Prototyping

Prototyping

Prototyping is defined as creating a model, which displays the necessary characteristics of a proposed system

  • Gathering requirements – these requirements will be stated by the knowledge workers as well as become apparent in comparison with the old or existing system
  • Create prototype of system – Confirm a technically proficient system by using prototypes and create basic screen and reports
  • Review by knowledge workers – create a model of the system that will be analyzed, inspected and evaluated by knowledge workers who will propose recommendations to have the system reach its maximum potential
  • Revise the prototype
  • Market the idea of the new system – use the prototype to sell the new system and convince the organization of the advantages of switching up to the new system

[edit] Outsourcing

Outsourcing is defined as having a third party (outside the organization) to build the organization’s system so expert minds can create the highest quality system by.

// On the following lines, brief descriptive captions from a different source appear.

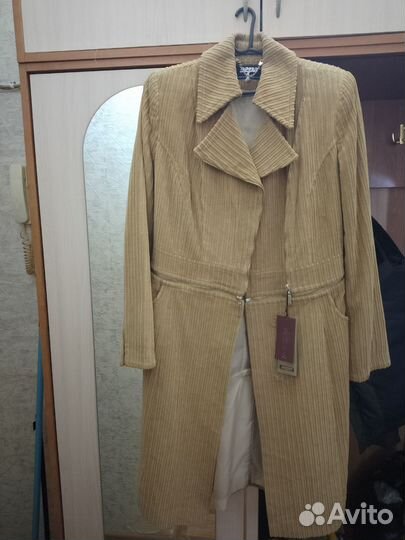 Пальто женское 42 44 новое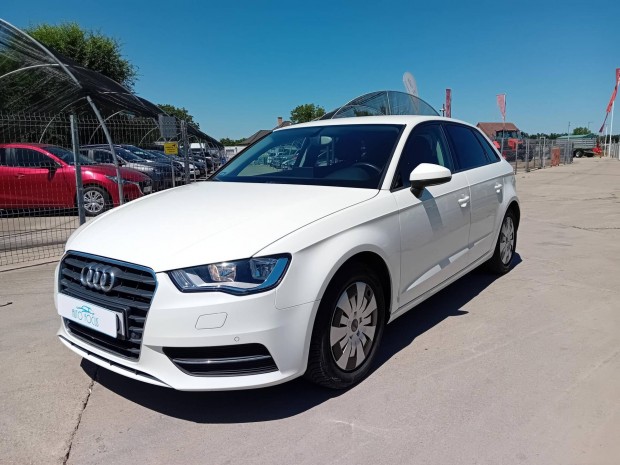 AUDI A3 Sportback 1.4 TFSI Attraction Magyar.1...
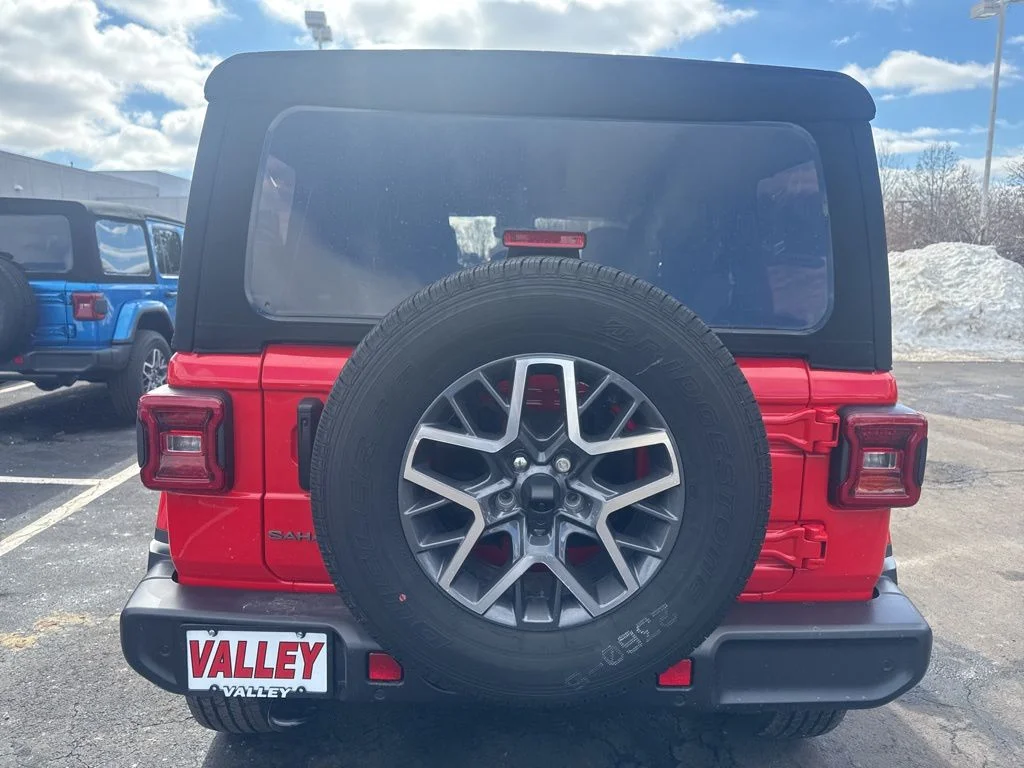 New 2025 Firecracker Red Clear-Coat Exterior Paint Jeep Sahara image 17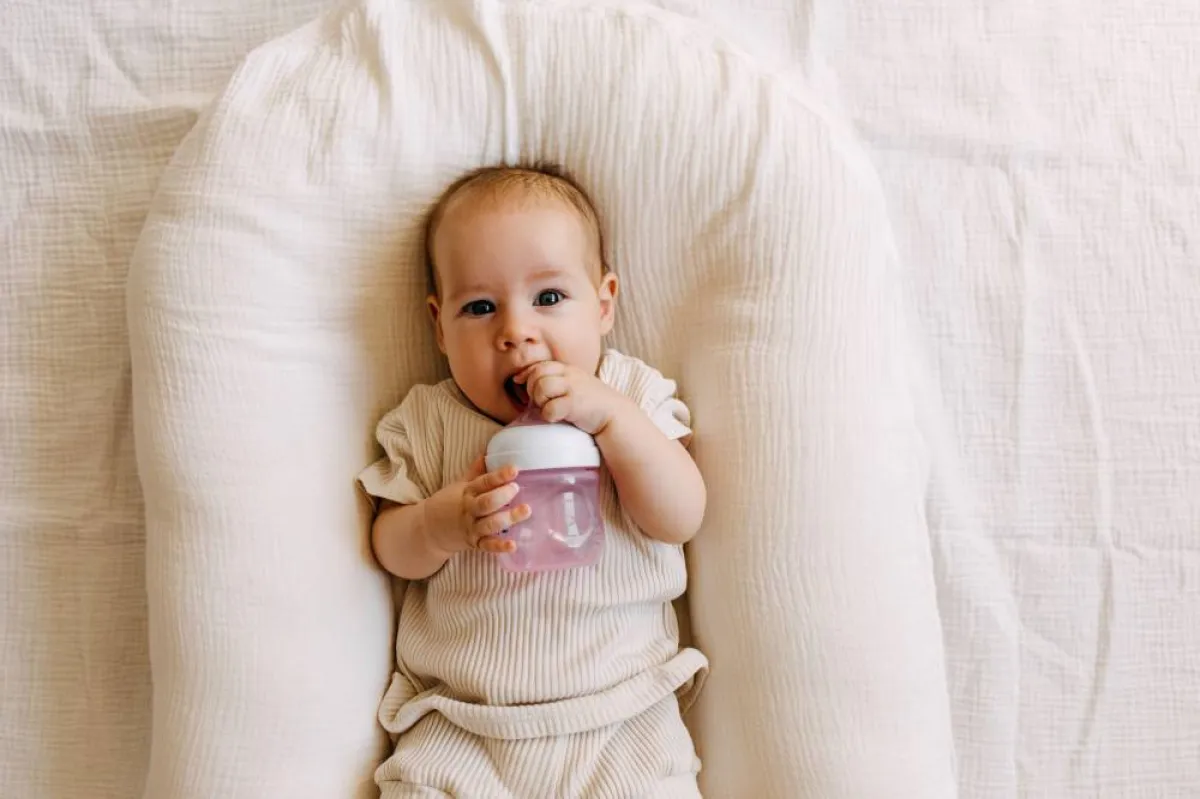 صورة لطفل يرضع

  • Outsourcing for development software –
    • Purchasing existing software and paying the publisher to make certain modifications and paying the publisher for the right to make modifications yourself
    • Outsourcing the development of an entirely new unique system for which no software exists
  • Selecting a target system – make sure there is no confidential information critical to the organization that others should not see. If the organization is small enough, consider selfsourcing
  • Establish logical requirements – IT specialists and knowledge workers collaborate in a joint application design (JAD) and discuss which tasks to undertake to make the system most successful to gather business requirements
  • Develop a request for a proposal – a request for proposal (RFP) is created and formalized. It includes everything the home organization is looking for in the system and can be used as the legal binding contract
  • Evaluate request for proposed returns and choose a vendor amongst the many who have replied with different prototypes
  • Test and Accept a Solution – the chosen system must be tested by the home organization and a sign-off must be conducted
  • Monitor and Reevaluate – keep the system up to date with the changing environment and evaluate the chosen vendor’s ability and accommodate to maintain the system

Systems Development Life Cycle (SLC) in the United Kingdom’

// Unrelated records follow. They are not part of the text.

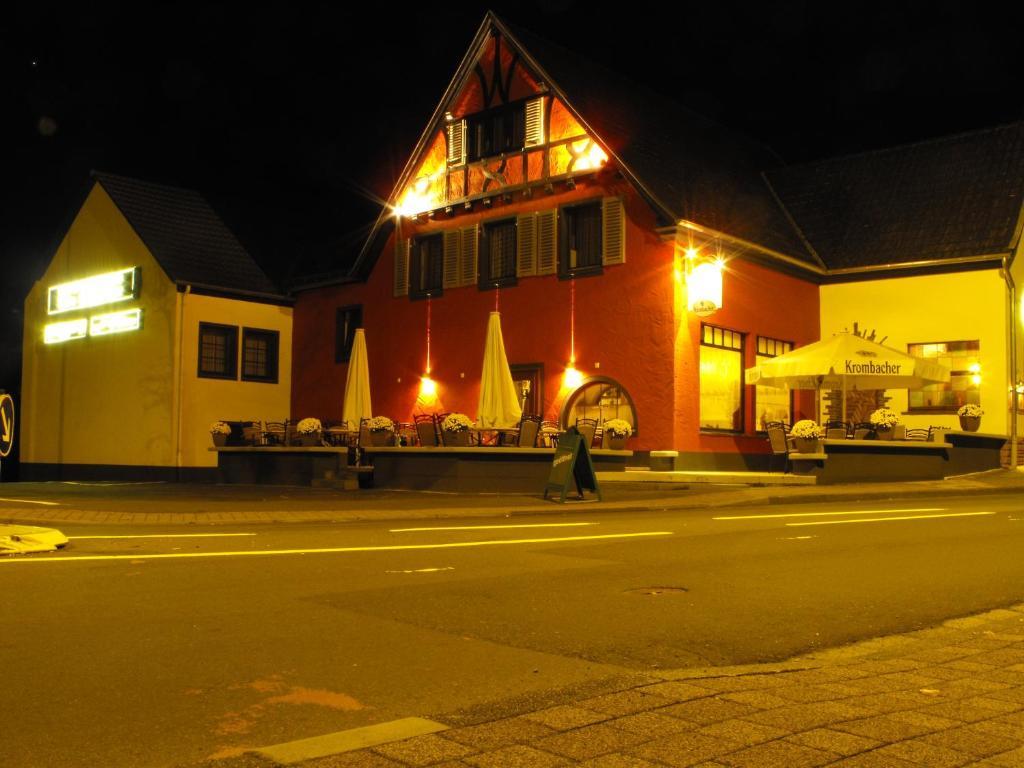 Beim Holzschnitzer Hotel Dreis-Brück Eksteriør billede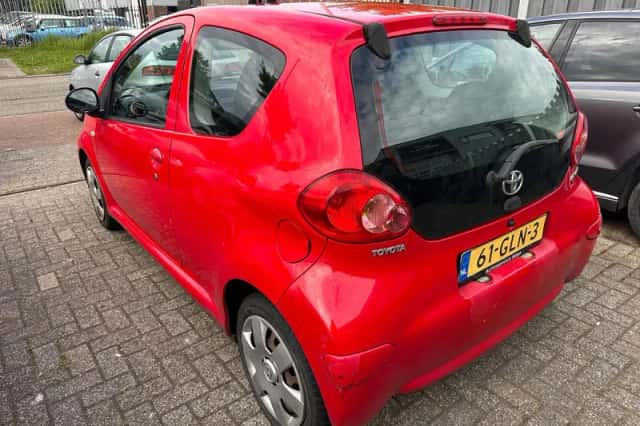 Toyota Aygo (2008) thumbnail 2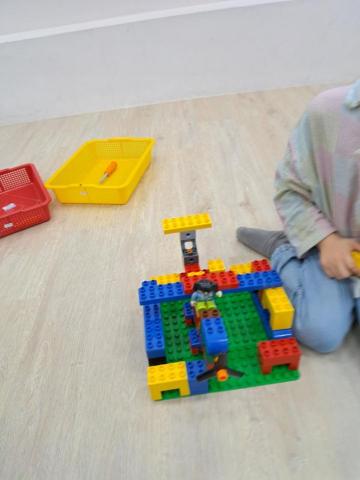 芝芯個人工作室（開放全天接案，預約時段可參考日曆） - 幼兒積木課-飛機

The SDLC is referred to as the Systems Life Cycle (SLC) in the United Kingdom, whereby the following names are used for each stage:
1. Terms Of Reference — the management will decide what capabilities and objectives they wish the new system to incorporate;
2. Feasibility Study — asks whether the managements’ concept of their desired new system is actually an achievable, realistic goal, in-terms of money, time and end result difference to the original system. Often, it may be decided to simply update an existing system, rather than to completely replace one;
3. Fact Finding and Recording — how is the current system used? Often questionnaires are used here, but also just monitoring (watching) the staff to see how they work is better, as people will often be reluctant to be entirely honest through embarrassment about the parts of the existing system they have trouble with and find difficult if merely asked;
4. Analysis — free from any cost or unrealistic constraints, this stage lets minds run wild as ‘wonder systems’ can be thought-up, though all must incorporate everything asked for by the management in the Terms Of Reference section;
5. Design — designers will produce one or more ‘models’ of what they see a system eventually looking like, with ideas from the analysis section either used or discarded. A document will be produced with a description of the system, but nothing is specific — they might say ‘touchscreen’ or ‘GUI operating system’, but not mention any specific brands;
6. System Specification — having generically decided on which software packages to use and hardware to incorporate, you now have to be very specific, choosing exact models, brands and suppliers for each software application and hardware device;
7. Implementation and Review — set-up and install the new system (including writing any custom (bespoke) code required), train staff to use it and then monitor how it operates for initial problems, and then regularly maintain thereafter. During this stage, any old system that was in-use will usually be discarded once the new one has proved it is reliable and as usable.
8. Use – obviously the system needs to actually be used by somebody, otherwise the above process would be completely useless.
9. Close – the last step in a system’s life cycle is its end, which is most often forgotten when you design the system. The system can be closed, it can be migrated to another (more modern platform) or it’s data can be migrated into a replacing system.